A voir mardi 17 juillet 2012 à 10h40 sur Arte
A sa sortie en 1969, «Le Chagrin et la pitié» créé en France une polémique d’envergure, empêchant sa diffusion télévisée jusqu’à l’arrivée de Mitterrand au pouvoir en 1981. Alternant témoignages d’archive et interviews, le documentaire de Marcel Ophüls ébranle sévèrement l’image officielle de la France pendant la Deuxième Guerre mondiale: celle d’un peuple résistant, unanimement acquis aux idées du général de Gaulle.
En donnant la parole à différents acteurs installés à Clermont-Ferrand durant l’Occupation – anciens militaires, professeurs d’écoles, politiques, anciens prisonniers allemands – le cinéastes dévoile un visage plus contrasté de la France, dont certains citoyens ne cachent pas leurs éventuelles sympathies pour le régime de Pétain ou leurs activités collaborationnistes… A cette chronique auvergnate, donnant la parole sans distinction à des personnalités comme à des gens ordinaires, Ophüls confère une véracité extensible à toute la nation.

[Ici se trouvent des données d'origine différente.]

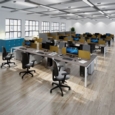 Connex add on unit single 1400mm x 800mm - silver frame and grey oak top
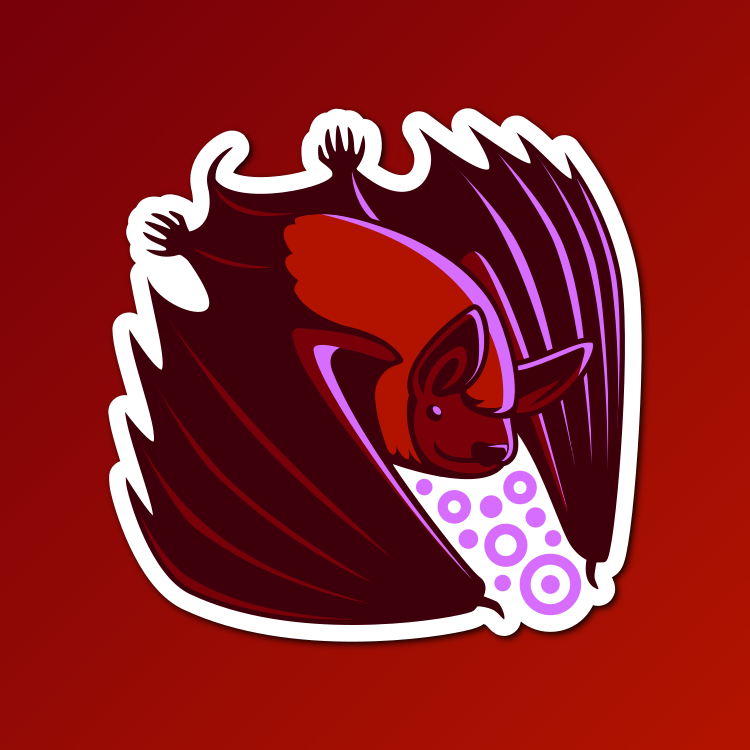 An abstract flat color illustration of a little brown bat, with a deep red and light purple color scheme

Au-delà de son propos, «Le Chagrin et la pitié» se distingue également par sa forme des documentaires historiques de l’époque. Exempt de commentaires, teinté de subjectivité et d’humour, il créé un sentiment de malaise chez le spectateur habitué aux discours de la droite comme du Parti communiste français sur le rôle héroïque des Français face au nazisme.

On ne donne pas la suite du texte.